The government of Ecuador said Assange had violated “a written commitment made to the government at the end of 2017 not to issue messages that might interfere with other states,” but didn’t specify what about Assange’s social media sparked the clampdown. The timing of the move, however, indicates it is in response to Assange’s recent comments on Twitter questioning the U.K.’s assigning blame to Russia for the recent nerve agent poisoning of Russian former double agent Sergei Skripal and his daughter in Salisbury, England. Assange also criticized the coordinated expulsion of dozens of Russian diplomats by the U.K, the U.S., and other European allies in response to the poisoning.
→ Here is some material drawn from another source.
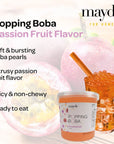 Mayde Popping Boba Pearls for Drinks Desserts  Breakfast Bowls Passion Fruit Flavor 7 Pounds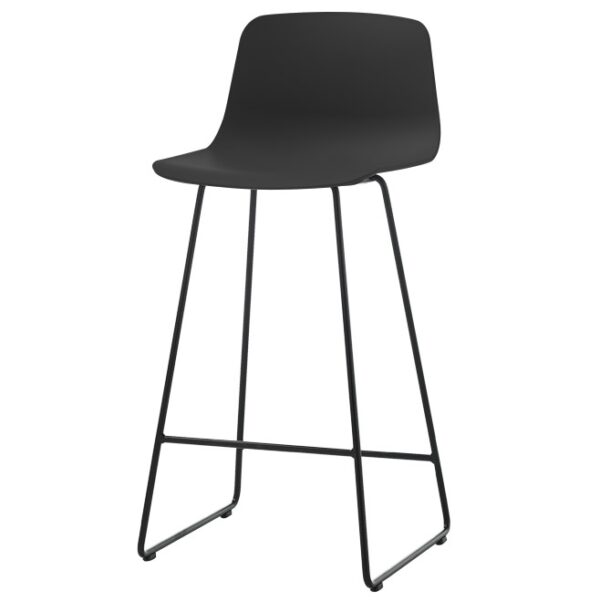 Taburete Varya Base Patín Negro / Asiento Negro ER-0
WikiLeaks and its founder have long espoused the principle of extreme transparency, leaking internal documents embarrassing to governments and companies worldwide, but the organization’s operations of late have increasingly aligned with Russian interests and it is widely suspected it has received information from Kremlin-linked hackers. WikiLeaks was, of course, responsible for the leaking of tens of thousands of DNC emails that turned the 2016 election on its head.

This is not the first time the Ecuadorian government has reprimanded Assange for his outspokenness online. Assange remains a tenant at the Ecuadorian embassy even though the original sex crimes charges in Sweden that caused him to flee have been dropped. He still fears he will be arrested in the U.K. and extradited to the U.S. In October 2016, Ecuador cut Assange’s internet over fears he could interfere in the U.S. election and drag Ecuador into a diplomatic standoff, although the outage did not extend to WikiLeaks. “In May 2017 the Ecuadorian president, Lenin Moreno, again asked Assange to refrain from commenting on Spain’s dispute with the separatist region of Catalonia,” the Guardian reports. “As part of a subsequent agreement between Assange and the Ecuadorian government, he is not permitted to send any messages that could interfere with Ecuador’s relations with other countries.”